=== What this task involves ===
Of the entries below, return only those lines from the line with "Pinstripe Navy Stretch" to the line with "SAACHI Faux Pearl Wire Stud Earrings", exactly, both included.

=== Data shown ===
——
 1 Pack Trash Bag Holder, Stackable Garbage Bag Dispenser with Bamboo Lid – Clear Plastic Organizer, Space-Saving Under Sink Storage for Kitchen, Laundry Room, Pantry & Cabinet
——
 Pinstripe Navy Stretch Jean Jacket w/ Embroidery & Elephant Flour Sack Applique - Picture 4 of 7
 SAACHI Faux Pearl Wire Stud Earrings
——
=== Answer box ===
 Pinstripe Navy Stretch Jean Jacket w/ Embroidery & Elephant Flour Sack Applique - Picture 4 of 7
 SAACHI Faux Pearl Wire Stud Earrings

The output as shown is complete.